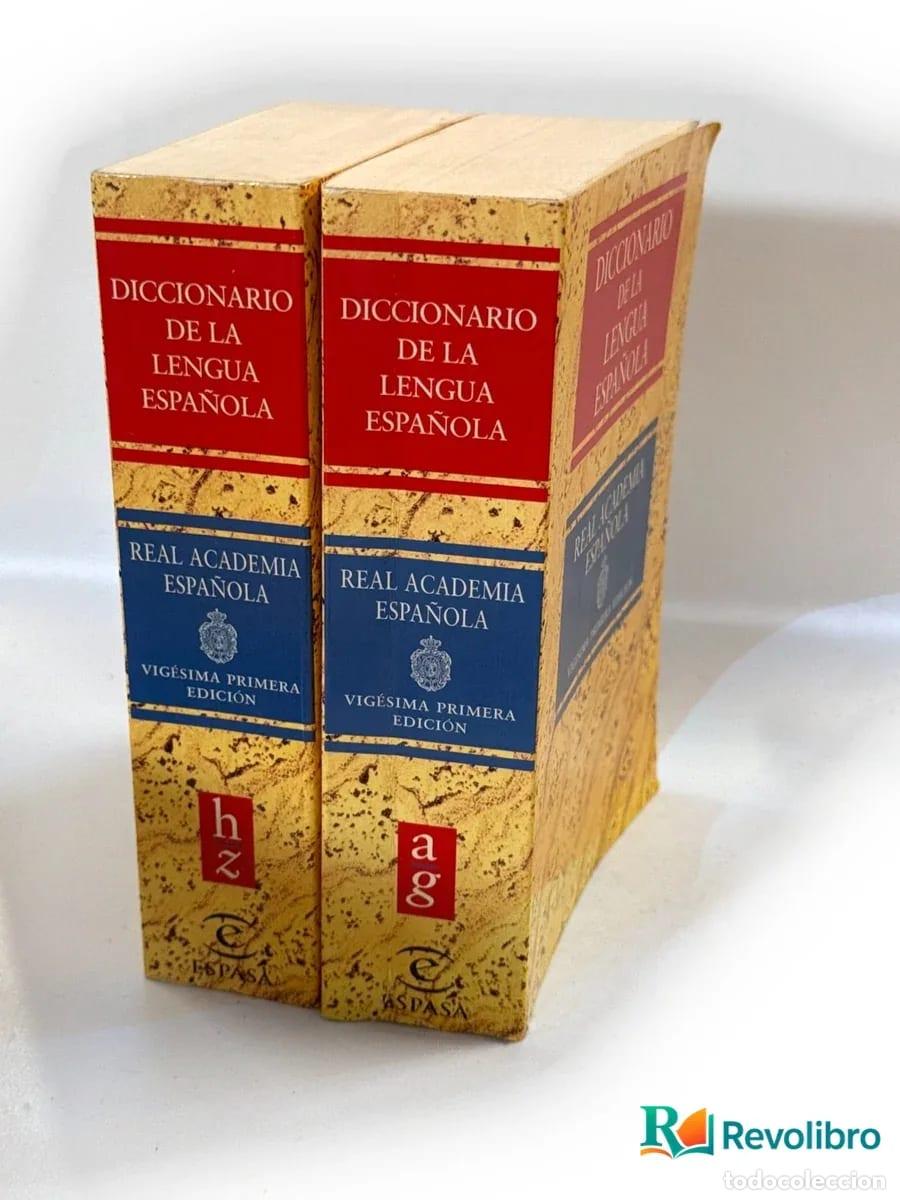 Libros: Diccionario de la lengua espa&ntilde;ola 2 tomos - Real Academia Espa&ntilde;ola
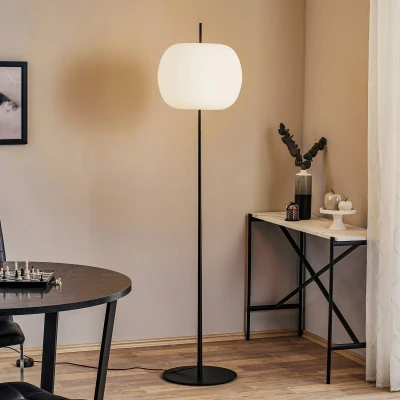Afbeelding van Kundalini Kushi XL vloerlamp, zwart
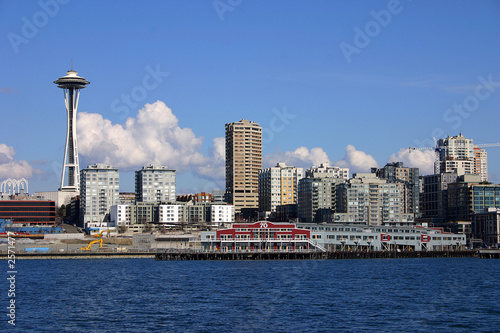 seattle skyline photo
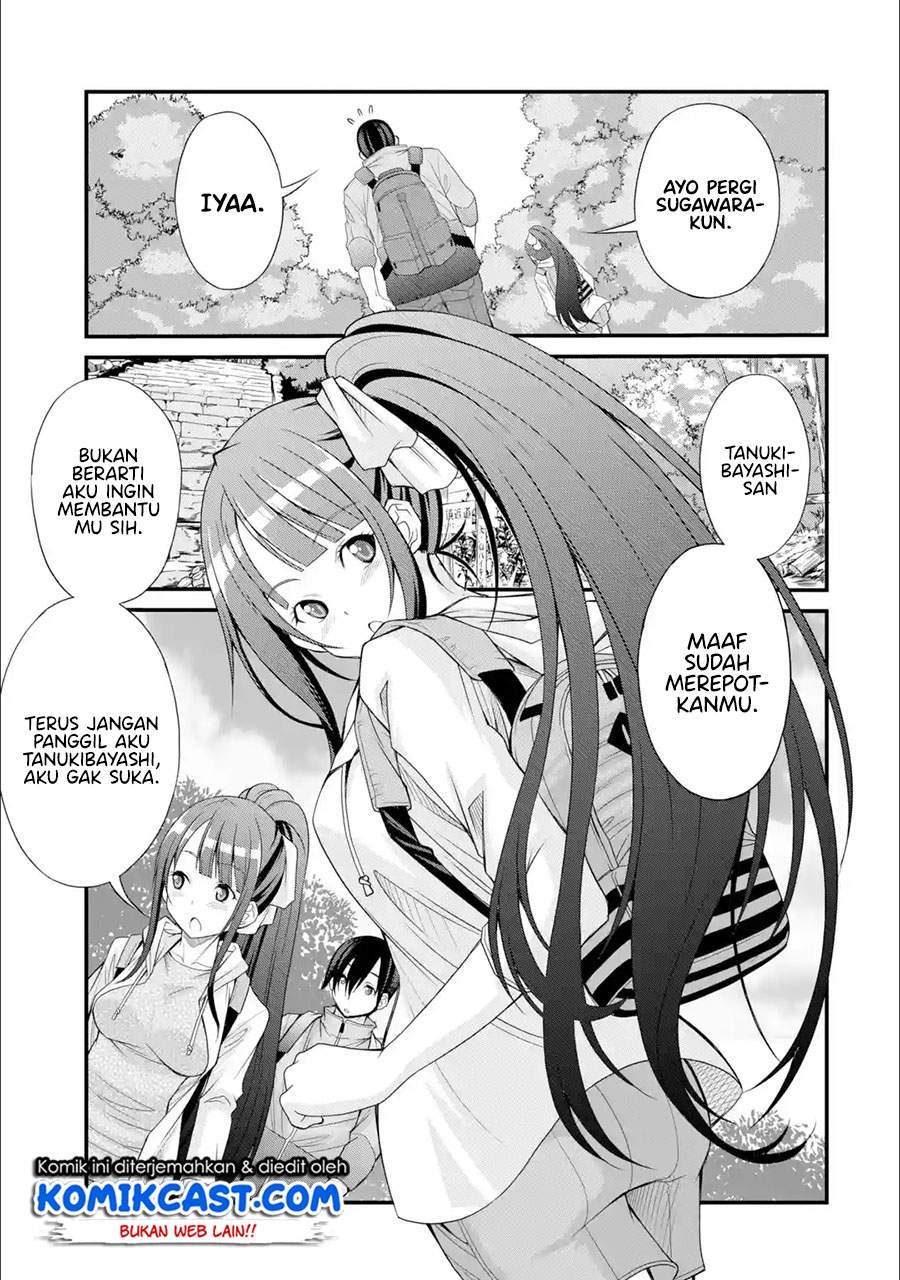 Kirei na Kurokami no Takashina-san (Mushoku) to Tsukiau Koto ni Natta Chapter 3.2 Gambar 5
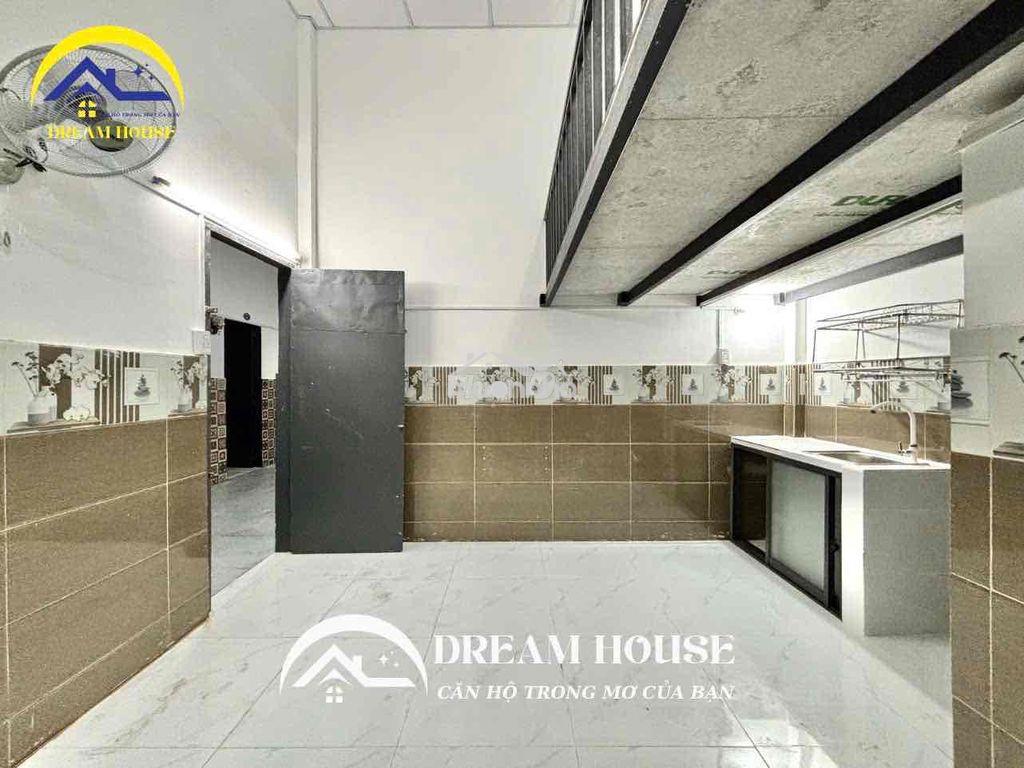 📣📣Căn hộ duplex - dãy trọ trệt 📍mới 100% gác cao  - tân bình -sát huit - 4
━━━━━━━━━━━━━━━━
§ **What is required**
Please output the material above unchanged, apart from removing the pictures.

§ **Task solution**
 Libros: Diccionario de la lengua espa&ntilde;ola 2 tomos - Real Academia Espa&ntilde;ola
Afbeelding van Kundalini Kushi XL vloerlamp, zwart
 seattle skyline photo
 Kirei na Kurokami no Takashina-san (Mushoku) to Tsukiau Koto ni Natta Chapter 3.2 Gambar 5
 📣📣Căn hộ duplex - dãy trọ trệt 📍mới 100% gác cao  - tân bình -sát huit - 4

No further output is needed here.